UW-Madison has made great strides in the past few years toward a welcoming and helpful environment for student veterans. Vets for Vets, the UW-Madison Student Veterans Association chapter, has its own space in the SAC where it holds meetings for veterans to socialize and learn about more opportunities, and the UW-Madison Law School just opened a free legal clinic for veterans dealing with non-criminal issues such as divorce and foreclosure this month. UW-Madison websites and offices also offer information about nearby off-campus resources for veterans, like the Madison Veterans Center and the Dane County Veterans Service Office. The university even provides housing exclusively for non-first-years transfer students, or student veterans.

In all, UW-Madison has done very well in making resources available to student veterans, and when the university can’t meet their needs, it provides the necessary information to find those resources elsewhere.

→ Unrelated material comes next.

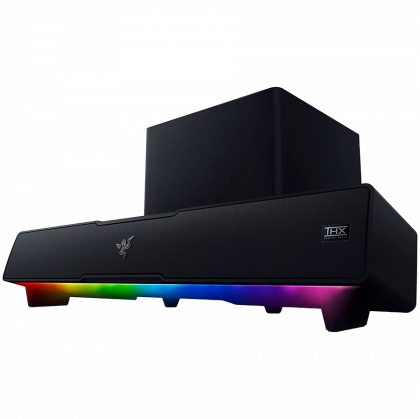 Саундбар RAZER Leviathan V2, PC Gaming Soundbar with Subwoofer,Full Range Drivers: 2 x 2.0 x 4.0" / 48 x 95 mm,Bluetooth 5.2 (60ms low latency),Tweeter Drivers: 2 x 0.75" / 20 mm, USB Audio Input to PC,Razer Chroma™ RGB,Razer Audio app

But, looking at other UW colleges’ plans, there are a few areas in which UW-Madison might improve.

An additional resource the university might consider instituting is a lounge for veterans where they can socialize and gain a real sense of belonging at their university. Several other UW campuses have such lounges, and while UW-Madison’s Vets for Vets group provides something similar to this twice monthly, there isn’t an informal place for student veterans to gather.

The university might also try to address the culture shock a veteran could experience going back to the classroom. UW-Green Bay’s veteran’s financial advisor, Elaina Koltz, told The Milwaukee Journal Sentinel, “In the military, one person talks and everyone listens,” but in the classroom, students are often texting, doodling or surfing the web. A veteran would consider this highly disrespectful and distracting, a huge barrier to their academic success, while another student views it as commonplace.

Koltz’s solution to this problem is practical, too: “What we’re looking to do is have a … separate section of an English class just for veterans or service members.” Offering separate classes in several subjects would allow veterans to bond with people who are in similar situations and get used to college culture, working in the same way as UW-Madison’s First-year Interest Groups. This is perhaps the most easily implemented resource for veterans; it has minimal additional cost, can be modeled after a program UW-Madison already uses, and could be key in acclimating veterans to their new lives as students.

Really, this is one of the few feasible additions to UW-Madison’s resources for veterans. Though a veterans’ lounge is good in theory, UW-Madison has so many students and so little space, a permanent lounge simply wouldn’t work. UW-Madison has done an excellent job of implementing fantastic resources for its student veterans when possible, and though there is some room for improvement, if the university continues to do what it is already doing it may quickly become the ideal college for veterans.